To make a semi-graceful entry, best bet is to sit on the sill, post both feet into the depths of the footwell and then slide down into the embrace of the bucket seat. Reach up to thud the door back into position, cocooning you in a cockpit that’s all at once reassuringly familiar and bizarrely alien.
Ahead, the wheel and dashboard are regular Ferrari fodder, but the canted panel of buttons under the thick carbon tendon looks pretty Nineties. Happily, you’ll soon discover having a simple fascia of tactile buttons to prod is welcome when attempting to tame a Monza. The nose-lift works rapidly. Pity the heater is a weakling – just like an 812 GTS. And this example didn’t even have heated seats. Surely for cars not bound for the West Coast or Middle East, that’s a must…

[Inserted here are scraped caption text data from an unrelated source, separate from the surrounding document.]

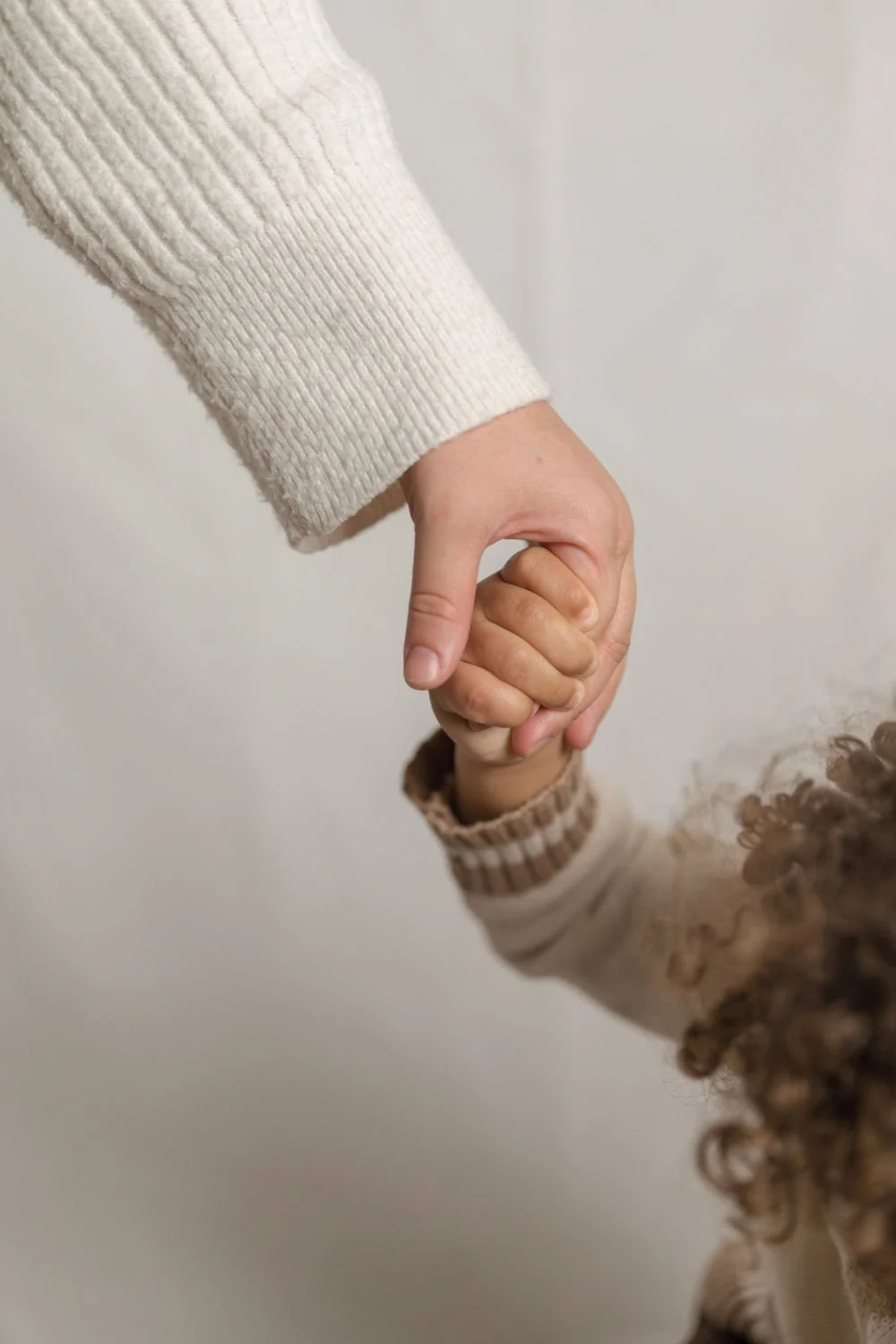 An adult's hand holding a child's hand against a plain background.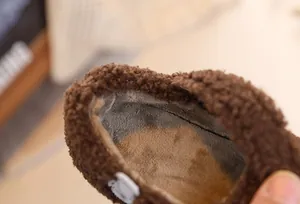 Detail view of cozy winter kids' shoes showing soft gray plush lining and brown faux fur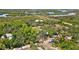 Aerial view of property showcasing home, surrounding trees, and a scenic waterfront at 29199 Livingston Dr, Punta Gorda, FL 33982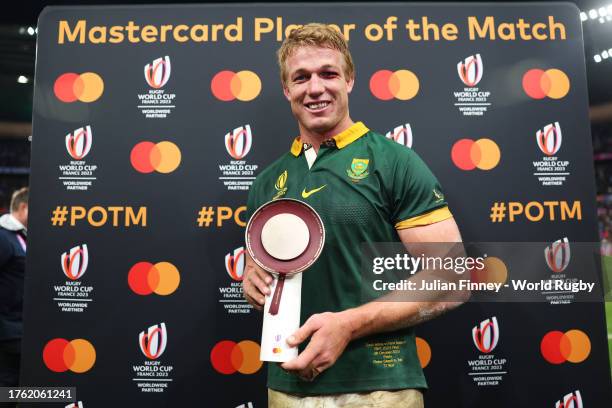 The MASTERCARD Player of the Match, Pieter-Steph Du Toit of South Africa, is presented with a Trophy after the Rugby World Cup Final match between...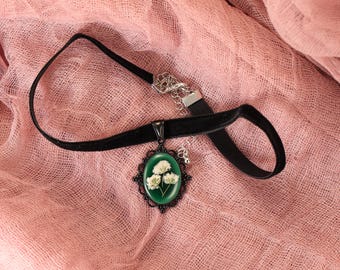 May include: A black velvet choker necklace with a silver chain and a green cameo pendant featuring white pressed flowers.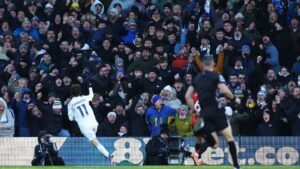 Brenden Aaronson célèbre son but pour Leeds United tandis que des supporters en extase l'acclament en arrière-plan lors du match de Premier League contre Manchester United.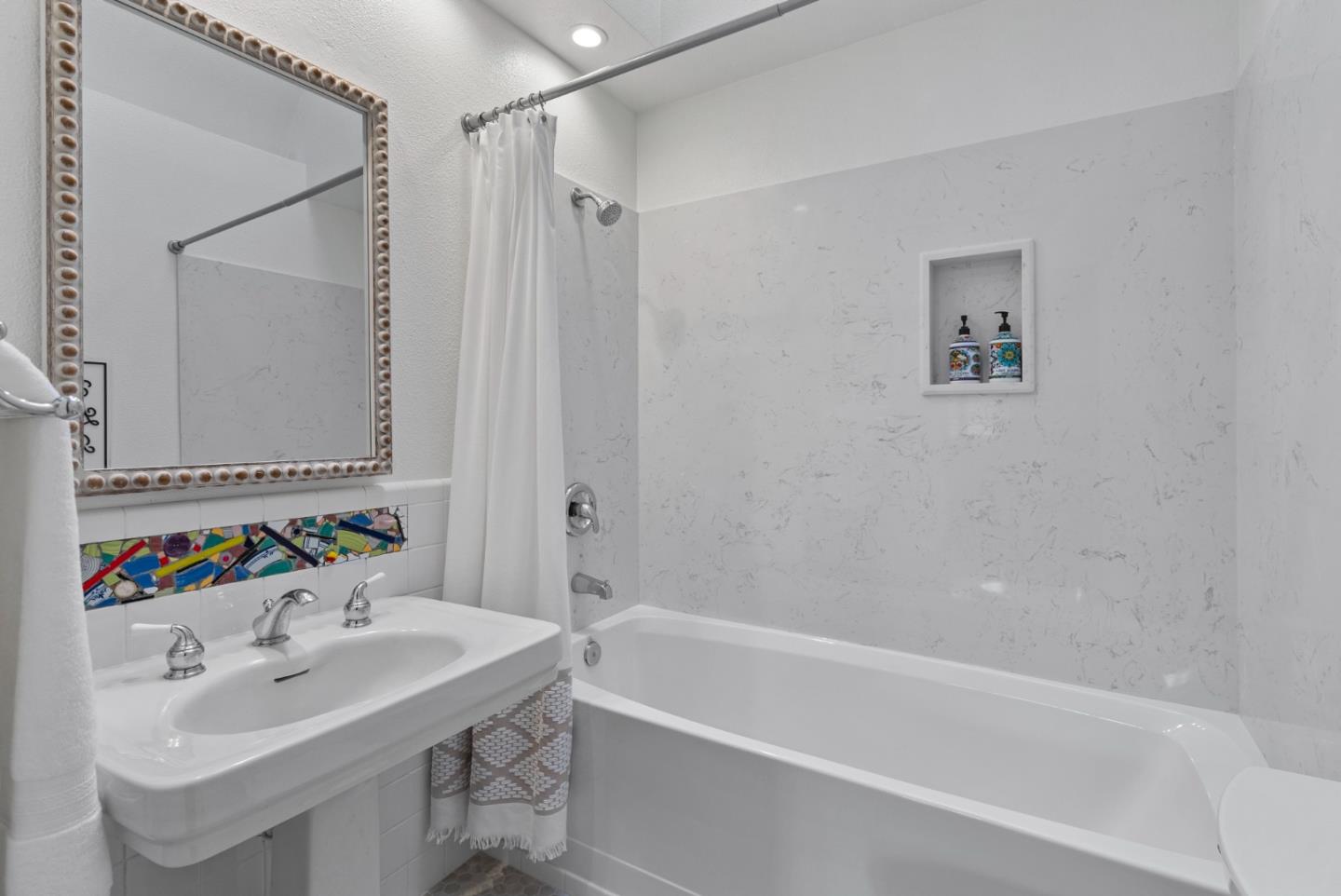 512 Cedar Street Aptos, CA 95003 - Photo 12 of 20 a bathroom with a sink and a bathtub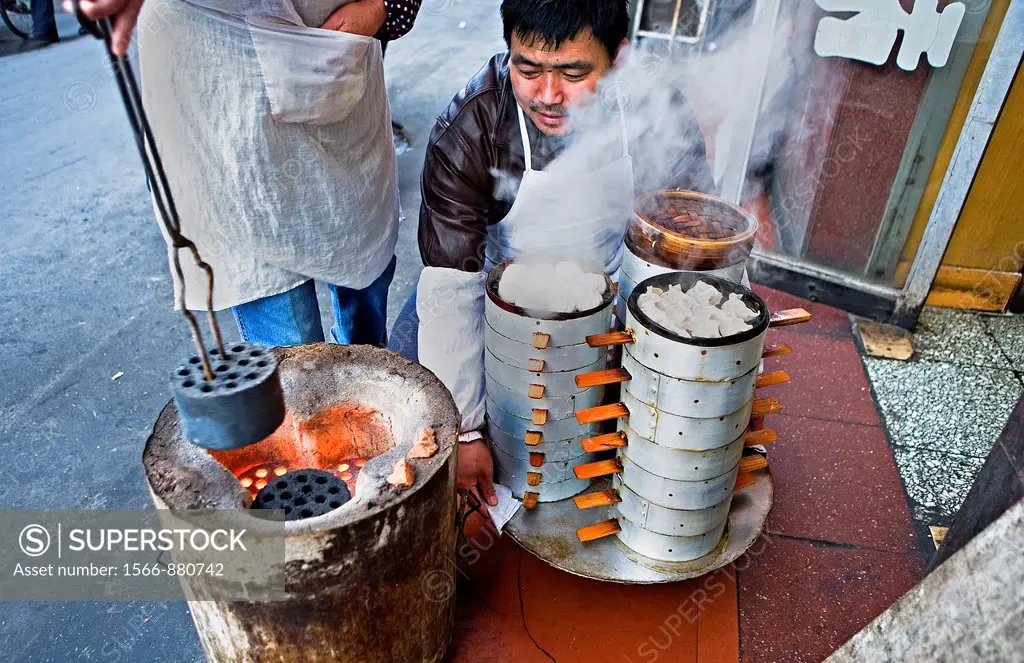 Cooking & selling dumplings, in Dazhalan Jie,Beijing, China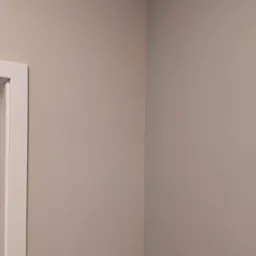 Świeżo pomalowany narożnik pokoju w odcieniach beżu, widoczna biała framuga drzwi po lewej stronie.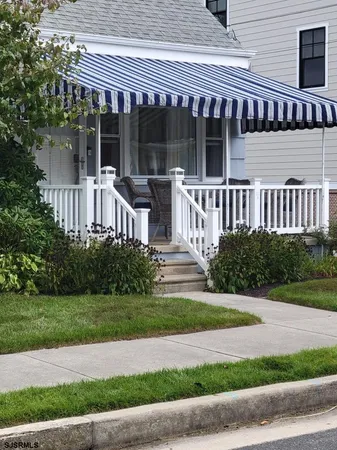 a view of a house with a yard and large tree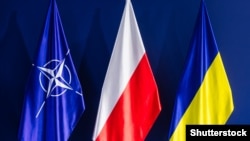 The flags of NATO, Poland, and Ukraine. Poland, the largest country on NATO's eastern flank, finds itself increasingly targeted by Moscow's intelligence services as Russia's invasion of Ukraine continues.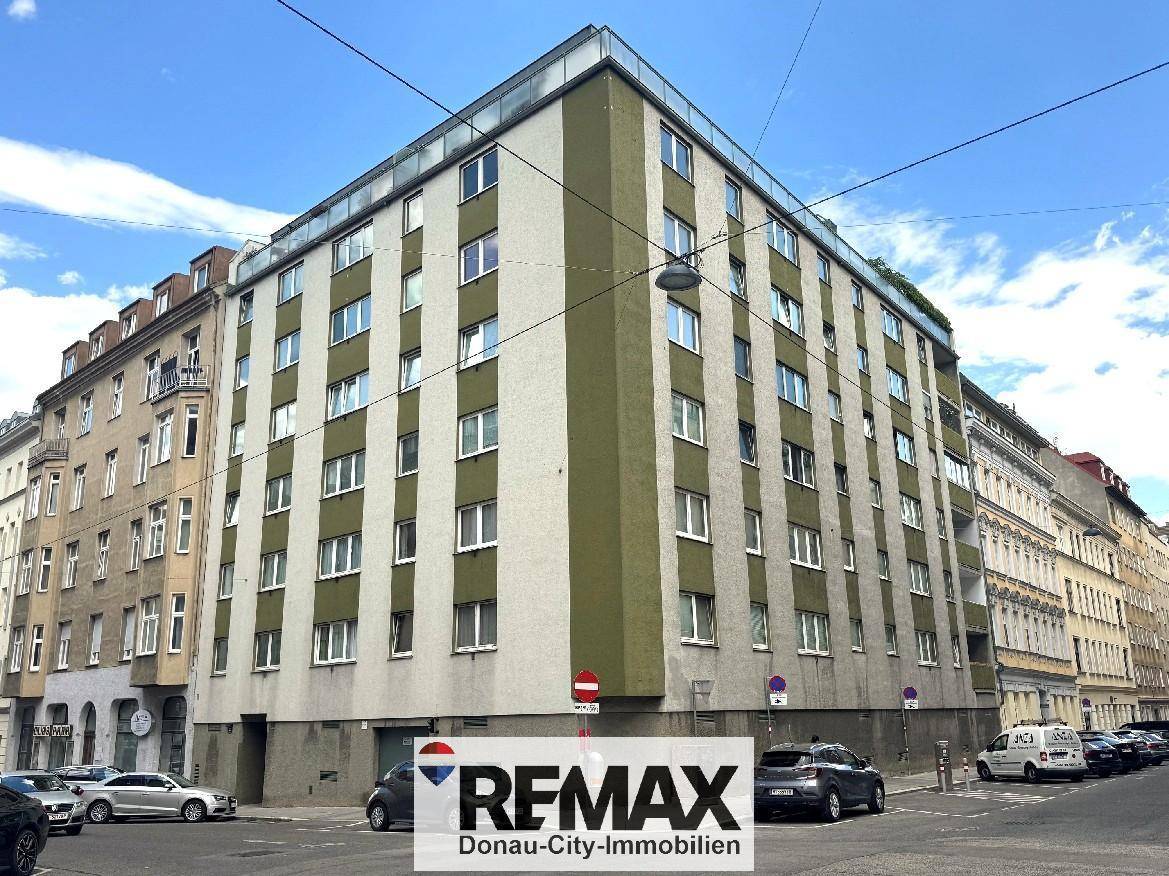 Mehrstöckiges Wohngebäude mit grüner und beiger Fassade an einer städtischen Straße.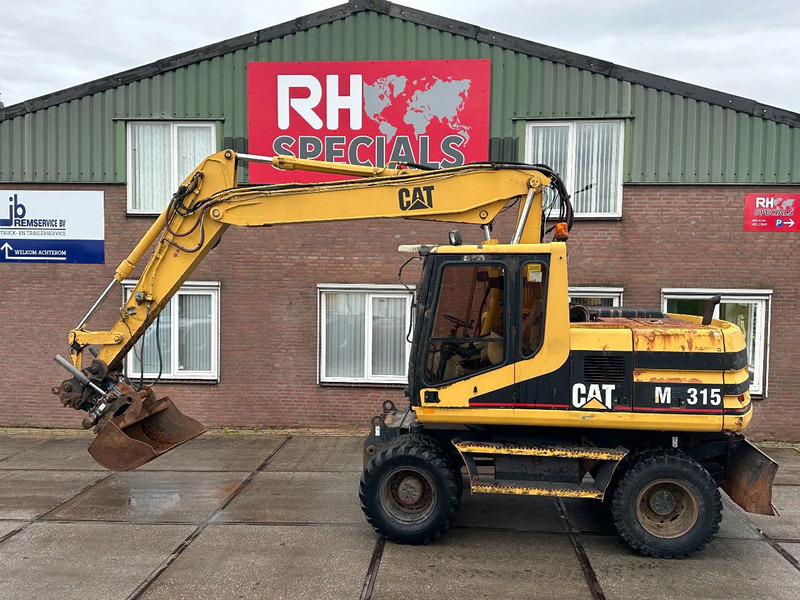 Caterpillar M315 +ROTO CE - Колёсный экскаватор: фото 1 Caterpillar M315 +ROTO CE - Колёсный экскаватор: фото 1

The panoramic view from the driver’s seat is one of the great outlooks in motoring: unencumbered by a headlining or pillars, with the bonnet scything into the distance and the front tyres located by those helpful humps in the front wings. The front parking sensors look ugly, but are vital to avoid a viral parking incident.
The system you’ll be most interested in is the Virtual Wind Shield, which appears to offer an elegantly simple solution to a serious problem. With no windscreen, you’d expect to have your face peeled clean off by the self-generated hurricane you’re headbutting, but Ferrari reckons to have sorted it. A duct ahead of the driver purports to suck in airflow, channel it 90 degrees and eject it vertically over the cockpit, leaving the driver undisturbed.
Now, Ferrari knows its way around a wind tunnel, so it’s a surprise to discover, as you roll past 45mph and take a walloping from the breeze, that the Virtual Wind Shield exists virtually only in the mind of the person who wrote the name down.
It’s not half as effective as the much more trick active air-management gubbins found in the McLaren Elva. You can solve this by wearing a helmet of course, but that rather spoils the point of getting rid of the letter-box effect of a windscreen in the first place. Not to mention, no-one will recognise you as you wail past.